Judge Dismisses All Flint Criminal Charges on Technicality—Zero Accountability After Poisoning Thousands

| Importance: 10/10 | Status: confirmed

Judges dismiss all remaining criminal charges against officials responsible for the Flint water crisis based on a procedural technicality, ensuring that no one is ever held criminally accountable for poisoning thousands of children. In October 2022, Judge Elizabeth Kelly throws out felony charges against seven people, including former state health officials blamed for Legionnaires’ deaths. In December 2022, Judge F. Kay Behm dismisses charges against former Governor Rick Snyder. The dismissals are based on a June 2022 Michigan Supreme Court ruling that “a judge acting as a one-person grand jury had no authority to issue indictments.”

The Supreme Court ruling overturns decades of legal precedent upholding Michigan’s one-person grand jury system, finding that state law does not authorize a judge to issue indictments without a preliminary examination. Because prosecutors used this method to indict officials in 2021, all charges are now invalid regardless of the underlying evidence of wrongdoing.
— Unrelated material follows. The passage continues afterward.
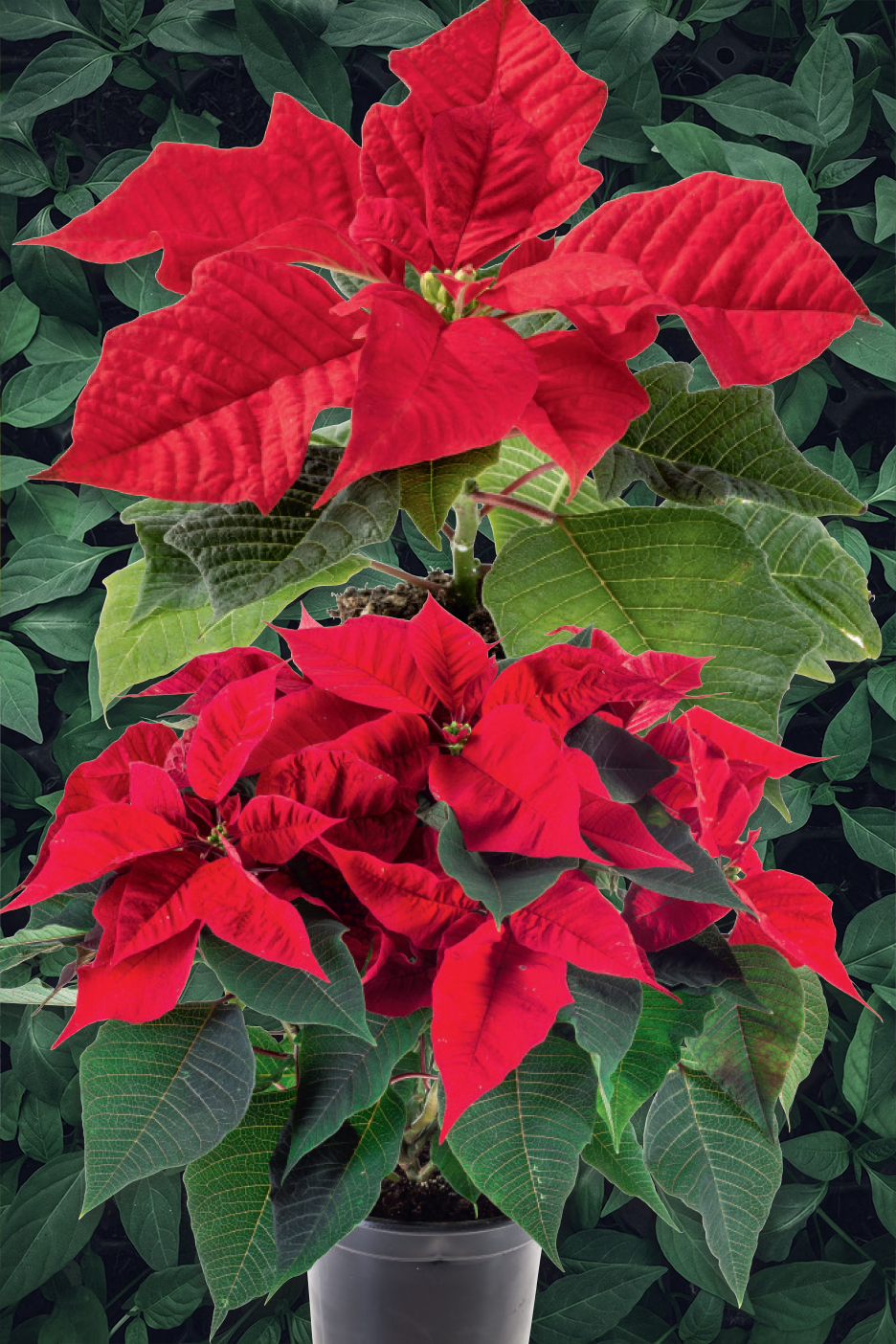 Δύο ζωηρά κόκκινα φυτά αλεξανδρινό σε γλάστρες μπροστά σε σκούρο πράσινο φυλλώδες φόντο.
Flint Mayor Sheldon Neeley states: “The powerful men and women in this state, who poisoned the water in our faucets, found a very unfair victory today based on a technicality.” The dismissals represent complete systemic failure: eight years after officials made the decision to poison Flint’s water supply, and after two separate prosecutorial efforts (2016-2019 and 2019-2022), zero criminal accountability.

The outcome epitomizes two-tiered justice: when powerful officials commit crimes that harm predominantly Black, poor communities, the legal system finds procedural off-ramps. The message is clear—you can strip away democratic governance, prioritize cost savings over public health, poison 6,000-14,000 children causing permanent neurological damage, kill 12 people in Legionnaires’ outbreaks, conceal evidence, attack whistleblowers, and delay emergency response for 18 months, all while governing a majority-Black city that you’ve rendered powerless through emergency manager law—and face zero criminal consequences.

The dismissals ensure that the Flint water crisis remains an atrocity without accountability, an environmental racism case study in which the justice system protects the powerful who harmed the vulnerable. All criminal prosecutions end without a single felony conviction, sending a message that such crimes are essentially legal when committed against expendable populations.